DATA UNDER STUDY:
--------

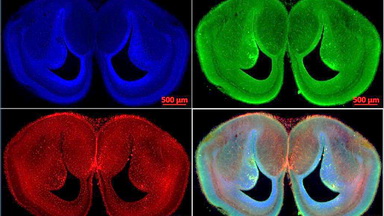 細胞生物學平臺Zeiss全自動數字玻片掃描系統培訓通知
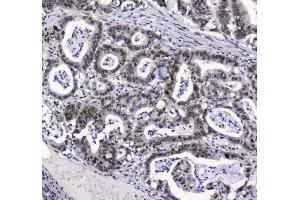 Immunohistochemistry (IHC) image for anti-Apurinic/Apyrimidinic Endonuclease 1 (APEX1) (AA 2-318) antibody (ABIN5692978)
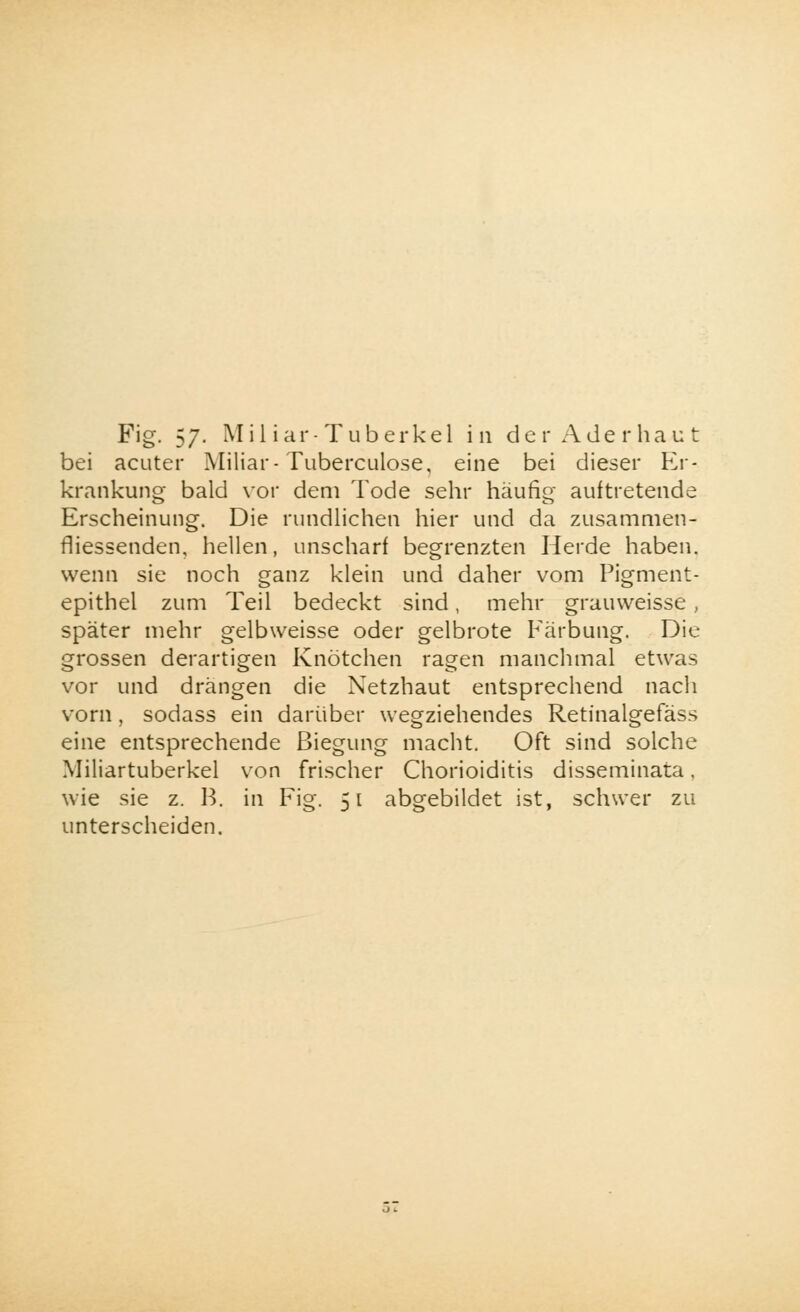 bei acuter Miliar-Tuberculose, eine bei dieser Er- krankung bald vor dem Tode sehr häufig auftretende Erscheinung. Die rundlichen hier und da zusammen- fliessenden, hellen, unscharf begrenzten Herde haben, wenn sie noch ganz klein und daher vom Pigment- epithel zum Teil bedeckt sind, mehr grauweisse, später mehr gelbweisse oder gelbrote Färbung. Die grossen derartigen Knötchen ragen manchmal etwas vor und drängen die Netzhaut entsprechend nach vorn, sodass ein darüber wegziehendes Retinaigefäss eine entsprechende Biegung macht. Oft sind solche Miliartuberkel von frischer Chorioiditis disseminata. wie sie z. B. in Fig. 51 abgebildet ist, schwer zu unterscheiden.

--------

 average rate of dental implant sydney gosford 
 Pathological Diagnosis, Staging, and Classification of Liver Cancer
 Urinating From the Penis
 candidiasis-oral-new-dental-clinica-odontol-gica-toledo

--------

WHAT YOU SHOULD DO: Only one stretch of the data above is needed. Restate it word for word, from the line containing "Urinating From the Penis" through the line containing "candidiasis-oral-new-dental-clinica-odontol-gica-toledo", both ends included.

OUTPUT BELOW:
 Urinating From the Penis
 candidiasis-oral-new-dental-clinica-odontol-gica-toledo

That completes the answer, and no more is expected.